RAILWAY_TERMS_LIST: list[str] = []
RAILWAY_TERMS_DICT: dict[str, list[dict]] = {}

def load_terms_from_csv(file_path: str):
    """
    [Chapter 6.1] 대규모 도메인 사전(CSV) 안전 적재
    동음이의어(중복 키)를 허용하기 위해 List 형태로 Value를 저장하며,
    RapidFuzz 일괄 대조를 위한 중복 제거 리스트를 함께 생성합니다.
    """
    global RAILWAY_TERMS_LIST, RAILWAY_TERMS_DICT
    RAILWAY_TERMS_LIST.clear()
    RAILWAY_TERMS_DICT.clear()

    if not os.path.exists(file_path):
        raise FileNotFoundError(f"CSV 사전을 찾을 수 없습니다: {file_path}")

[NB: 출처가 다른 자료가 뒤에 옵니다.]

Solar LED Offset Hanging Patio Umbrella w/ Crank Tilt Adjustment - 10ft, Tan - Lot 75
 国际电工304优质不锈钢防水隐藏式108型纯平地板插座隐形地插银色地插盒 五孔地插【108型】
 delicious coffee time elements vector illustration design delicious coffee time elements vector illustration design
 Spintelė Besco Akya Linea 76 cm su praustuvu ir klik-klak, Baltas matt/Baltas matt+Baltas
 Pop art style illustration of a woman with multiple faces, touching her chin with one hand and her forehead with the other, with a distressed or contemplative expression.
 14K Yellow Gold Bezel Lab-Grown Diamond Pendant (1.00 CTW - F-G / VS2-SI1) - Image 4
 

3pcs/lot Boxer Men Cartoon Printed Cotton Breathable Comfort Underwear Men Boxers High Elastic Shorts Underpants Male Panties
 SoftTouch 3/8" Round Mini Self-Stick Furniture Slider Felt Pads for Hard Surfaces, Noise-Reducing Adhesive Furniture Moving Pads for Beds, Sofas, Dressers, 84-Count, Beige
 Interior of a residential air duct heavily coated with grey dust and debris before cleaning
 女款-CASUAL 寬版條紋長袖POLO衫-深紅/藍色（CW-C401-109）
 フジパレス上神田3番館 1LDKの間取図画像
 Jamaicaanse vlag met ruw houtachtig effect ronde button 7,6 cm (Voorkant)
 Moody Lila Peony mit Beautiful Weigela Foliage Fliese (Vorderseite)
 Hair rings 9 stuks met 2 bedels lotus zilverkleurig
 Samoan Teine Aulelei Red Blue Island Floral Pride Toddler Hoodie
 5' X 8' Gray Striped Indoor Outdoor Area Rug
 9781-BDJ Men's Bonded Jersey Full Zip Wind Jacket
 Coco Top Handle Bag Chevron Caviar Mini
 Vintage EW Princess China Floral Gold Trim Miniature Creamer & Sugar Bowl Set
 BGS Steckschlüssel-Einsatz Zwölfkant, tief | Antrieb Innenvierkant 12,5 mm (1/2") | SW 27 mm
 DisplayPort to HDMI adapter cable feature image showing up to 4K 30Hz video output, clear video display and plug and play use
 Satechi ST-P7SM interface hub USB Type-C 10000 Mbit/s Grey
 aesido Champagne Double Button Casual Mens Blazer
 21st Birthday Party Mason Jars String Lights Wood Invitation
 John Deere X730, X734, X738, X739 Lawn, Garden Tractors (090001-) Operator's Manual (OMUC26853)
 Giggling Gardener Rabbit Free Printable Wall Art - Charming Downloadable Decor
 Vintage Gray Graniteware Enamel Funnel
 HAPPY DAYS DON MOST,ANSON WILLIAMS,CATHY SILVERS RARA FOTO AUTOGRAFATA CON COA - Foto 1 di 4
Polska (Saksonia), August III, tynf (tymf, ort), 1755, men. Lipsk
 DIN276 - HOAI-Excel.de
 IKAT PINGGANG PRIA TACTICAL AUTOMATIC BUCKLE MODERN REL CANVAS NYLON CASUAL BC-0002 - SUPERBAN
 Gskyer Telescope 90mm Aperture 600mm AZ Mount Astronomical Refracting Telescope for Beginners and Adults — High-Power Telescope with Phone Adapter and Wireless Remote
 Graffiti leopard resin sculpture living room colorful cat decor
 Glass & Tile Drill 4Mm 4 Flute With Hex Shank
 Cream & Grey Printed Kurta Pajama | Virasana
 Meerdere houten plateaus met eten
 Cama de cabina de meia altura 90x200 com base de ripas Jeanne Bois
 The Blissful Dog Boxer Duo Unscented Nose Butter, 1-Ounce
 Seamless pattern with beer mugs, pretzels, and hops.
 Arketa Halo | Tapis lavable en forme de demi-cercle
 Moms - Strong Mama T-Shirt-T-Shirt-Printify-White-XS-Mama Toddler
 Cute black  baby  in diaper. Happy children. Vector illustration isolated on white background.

    # 인코딩 Fallback: utf-8-sig 우선, 실패 시 cp949
    try:
        with open(file_path, mode="r", encoding="utf-8-sig") as f:
            reader = csv.DictReader(f)
            rows = list(reader)
    except UnicodeDecodeError:
        logger.warning(f"UTF-8-SIG 디코딩 실패. CP949로 재시도합니다: {file_path}")
        with open(file_path, mode="r", encoding="cp949") as f:
            reader = csv.DictReader(f)
            rows = list(reader)

    unique_terms = set()
    count = 0

    for row in rows:
        keyword = row.get("용어명", "").strip()
        desc = row.get("내용", "").strip()
        category = row.get("관련분야", "").strip()

        if not keyword:
            continue

        unique_terms.add(keyword)
        if keyword not in RAILWAY_TERMS_DICT:
            RAILWAY_TERMS_DICT[keyword] = []

        RAILWAY_TERMS_DICT[keyword].append({
            "desc": desc,
            "category": category
        })
        count += 1

    RAILWAY_TERMS_LIST.extend(list(unique_terms))
    logger.info(f"✅ 대규모 사전 로드 완료: 총 {count}행 처리, 매칭 대상 {len(RAILWAY_TERMS_LIST)}단어 (파일: {file_path})")


# ── 화자 분류용 호출 부호 외부 정의 ──────────────────────────────────────────
# speaker_classifier.py가 이 목록을 임포트하여 사용합니다.
# 현장 호출 부호가 추가될 때 여기만 수정하면 전체 파이프라인에 반영됩니다.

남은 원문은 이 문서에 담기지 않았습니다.